The only people who seem to remain confident enough to spend are the rich. Duty-free shops in the southern island of Hainan saw their sales surge during a seven-day national holiday earlier this month, with customers who couldn’t easily travel abroad buying luxury goods there instead.

Surveys also show Chinese luxury buyers plan to continue purchasing those items. That attitude highlights the deepening wealth gap between China’s haves and have-nots, whose recovery from the pandemic has been uneven.

China faces a tough way ahead

Chinese authorities now face the challenge of finding ways to boost consumption amid low confidence. One potential avenue for the government is to build up its social security, pension, and health insurance systems, said Lee, the economist.

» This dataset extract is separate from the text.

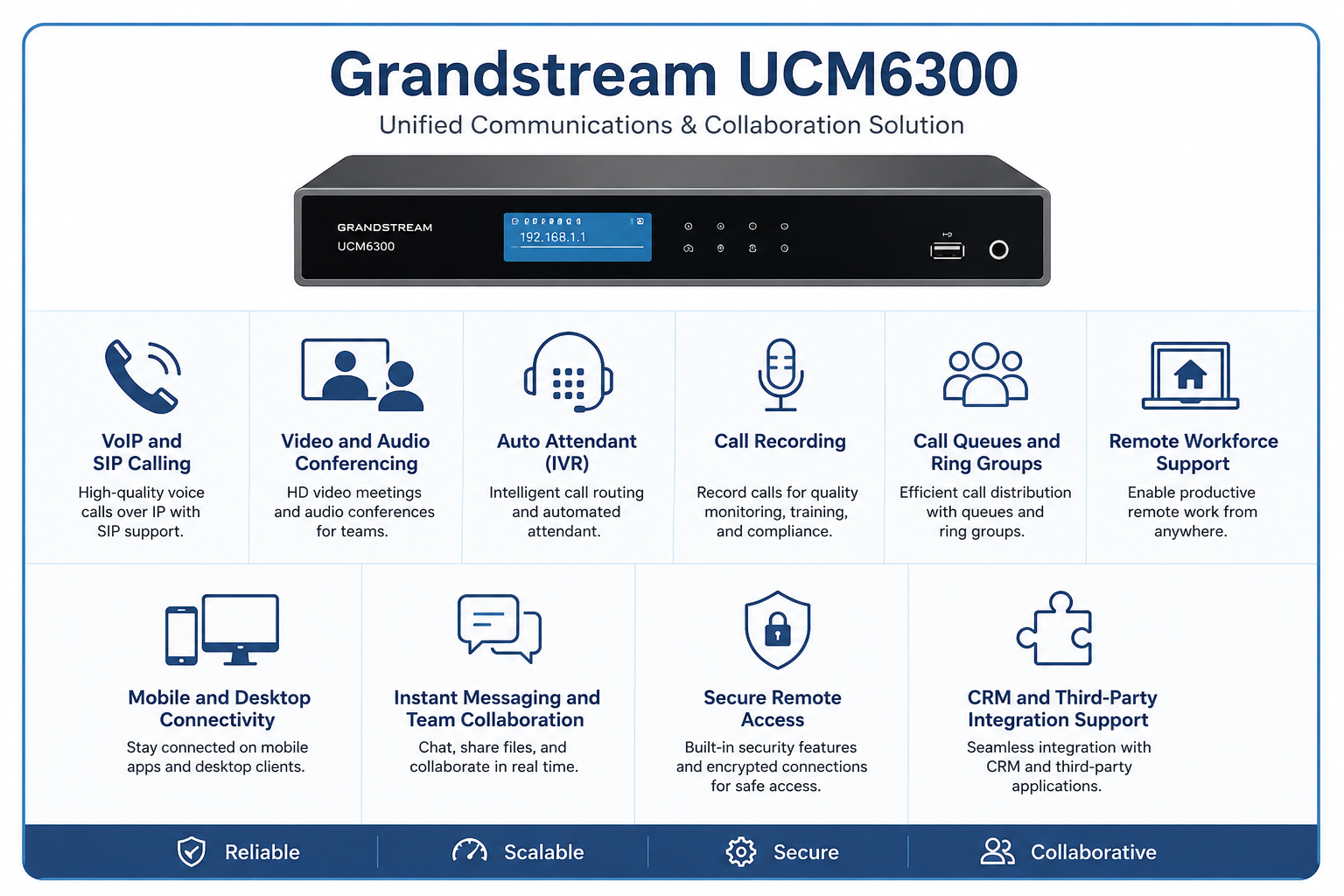 Key Features of the Grandstream UCM6300 Series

Many citizens, including hundreds of millions of migrant workers, are left out or not covered comprehensively by China’s social security plan. That might be a key reason that a survey done by China’s central bank in the second quarter saw nearly half of respondents from urban households say they intend to save more. Youngsters born under China’s one-child policy, which was lifted in 2015, also feel the need to save to care for their elderly parents and prepare for when they themselves get old, wrote Cheng, the ICBC economist.

For now, expanding the social safety net isn’t an explicit part of the government’s broader solution to achieve “common prosperity,” Xi’s ideal of redistributing wealth and making the masses prosperous. But Xi has acknowledged the importance of social security as a “basic system guarantee” for improving people’s welfare broadly.

Instead, Beijing is likely to focus on value-added taxes on life necessities and increasing sales tax on luxury goods to spur consumption, according to analysts from Chinese brokerage Guosheng Securities. “To fundamentally increase consumer spending, [the government] needs to reform middle to long-term policies to increase household income,” wrote the analysts. “In some sense, the target of encouraging consumption is in line with the ‘common prosperity’ drive.”